Cleanlab Integration#

Cleanlab’s state-of-the-art LLM uncertainty estimator scores the trustworthiness of any LLM response, to detect incorrect outputs and hallucinations in real-time.

In question-answering or RAG applications: high trustworthiness is indicative of a correct response. In open-ended chat applications, a high score corresponds to the response being helpful and informative.
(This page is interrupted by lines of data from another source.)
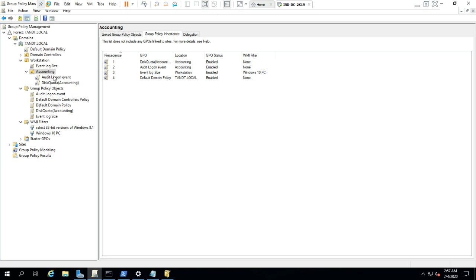Now, what happened is your manager came and said: I don't want the Event Log Size policy or the Default Domain Policy applied to this particular OU. You might think of creating another group policy and applying it here so the last policy wins — for example, setting the Event Log Size to zero so it replaces the inherited setting. But that is actually a very complex approach. Block inheritance gives you a much simpler solution to reach this goal.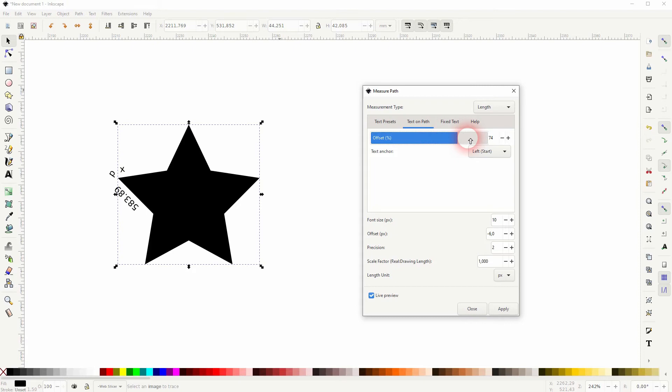So if I wanted to put it right here on the left-hand side so that we can read it properly, something like 81 should be fine for this size.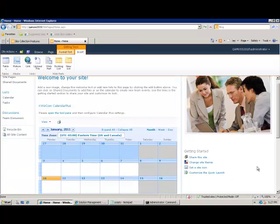Thank you for viewing this Quizcom installation tutorial. For more information, please visit our website at www.quizcom.com.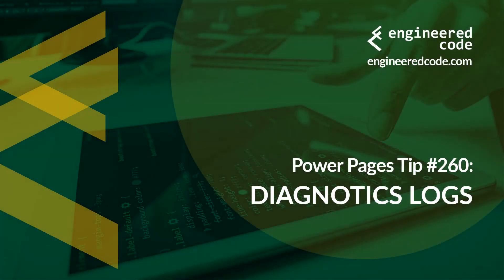Hello everyone and welcome to Power Pages Tips. My name is Nicholas Hadouk and this is tip number 260, Diagnostic Logs.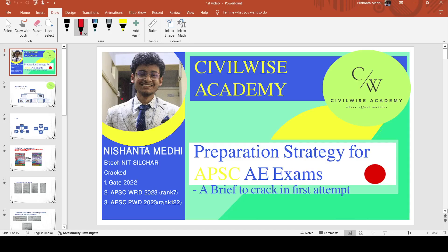Hello everyone, my name is Nishantro Sekharmidhi. Today I'm going to take a presentation from Civil Rights Academy. I'm going to prepare for APSA Assistant Engineer and Junior Engineer exam. This video will be helpful.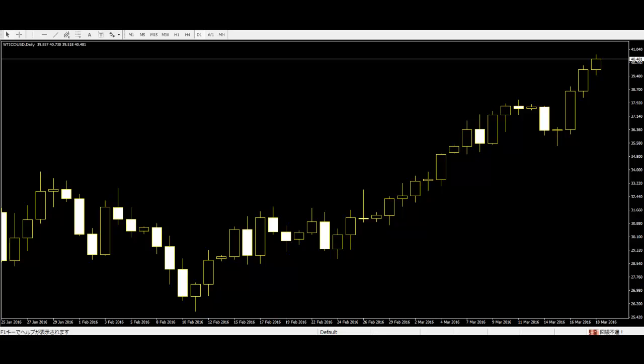On the first day, you can see a wide range candle that closes near the bottom of the range. The sell position traders are still in control of this CFD pair.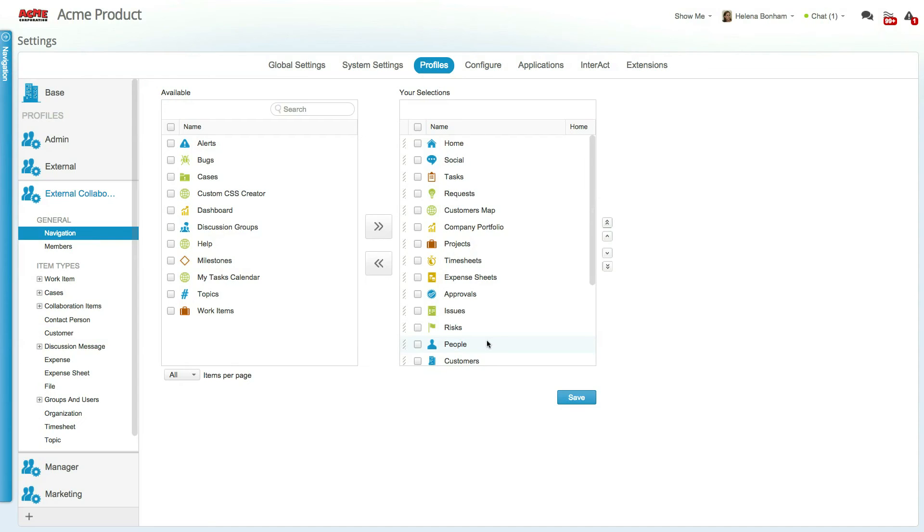Users with this profile will typically collaborate on tasks and requests and should have limited visibility into fields and other data related to their work.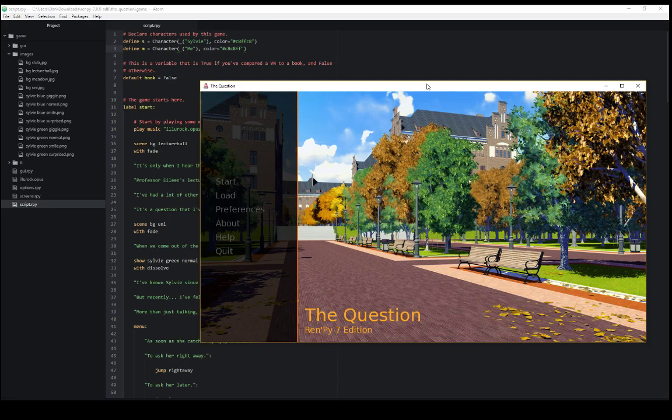Welcome to a video on learning RenPy. In this video I'm going to cover characters and dialogue. I've pulled up the question here.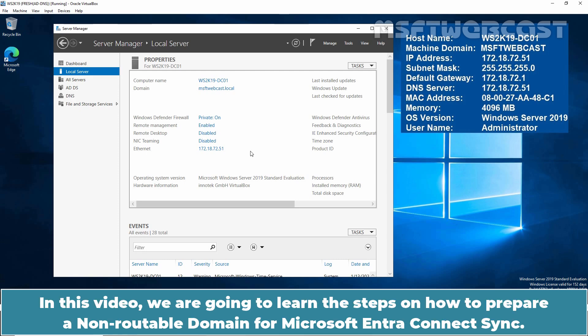In this video, we are going to learn the steps on how to prepare a non-routable domain for Microsoft Entra Connect Sync.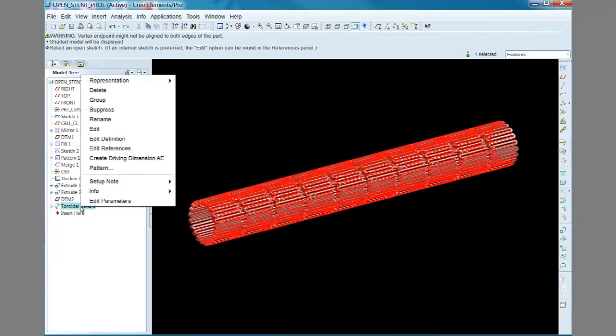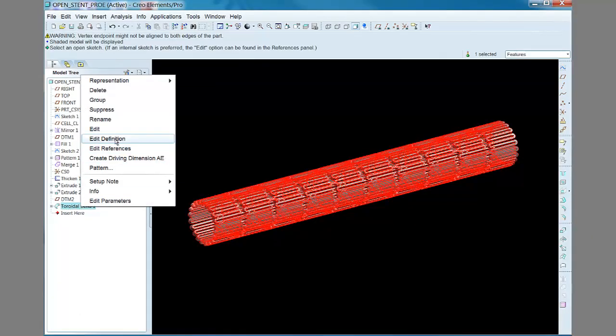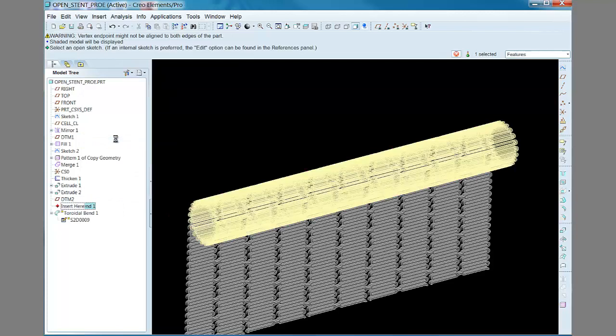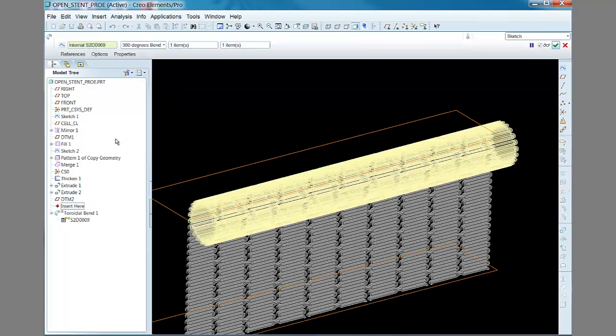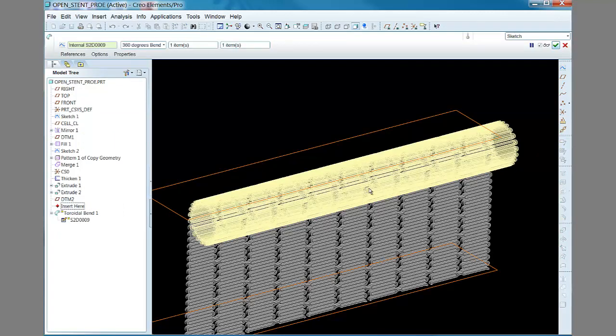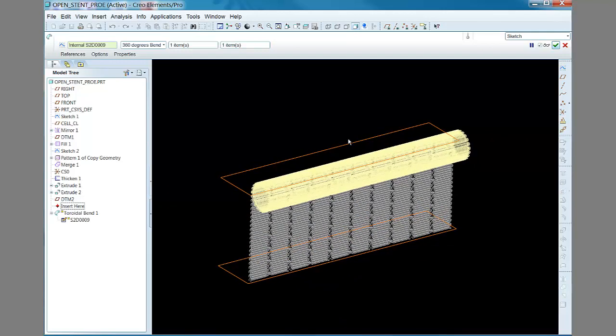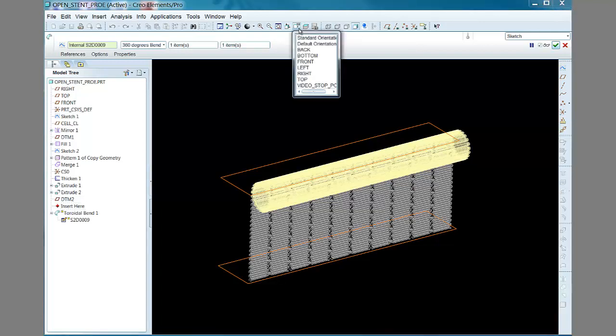Let's look at the toroidal bend feature in more detail using the edit definition function. Here we see the flat solid geometry being operated on, the two planes that act as the boundaries the solid is rolled between, and a preview of the toroidal bend in yellow.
Low trustworthiness scores indicate outputs that are likely bad or incorrect, or complex prompts where the LLM might have output the right response this time but might output the wrong response when run on the same prompt again (so it cannot be trusted).

The trustworthiness score is further explained and comprehensively benchmarked in Cleanlab’s documentation.

The cleanlab trustworthiness guardrail flow uses a default trustworthiness score threshold of 0.6 to determine if your LLM output should be allowed or not. When the trustworthiness score falls below the threshold, the corresponding LLM response is flagged as unstrustworthy. You can easily change the cutoff value for the trustworthiness score by adjusting the threshold in the config. For example, to change the threshold to 0.7, add the following flow to your config:

define subflow cleanlab trustworthiness
  """Guardrail based on trustworthiness score."""
  $result = execute call cleanlab api

  if $result.trustworthiness_score < 0.7
    bot response untrustworthy
    stop

define bot response untrustworthy
  "Don't place much confidence in this response"

Setup#

Install the Python client to use Cleanlab’s trustworthiness score:

pip install cleanlab-studio

You can get an API key for free by creating a Cleanlab account or experiment with the trustworthiness scores in the playground. Feel free to email Cleanlab with any questions.

Lastly, set the CLEANLAB_API_KEY environment variable with the API key.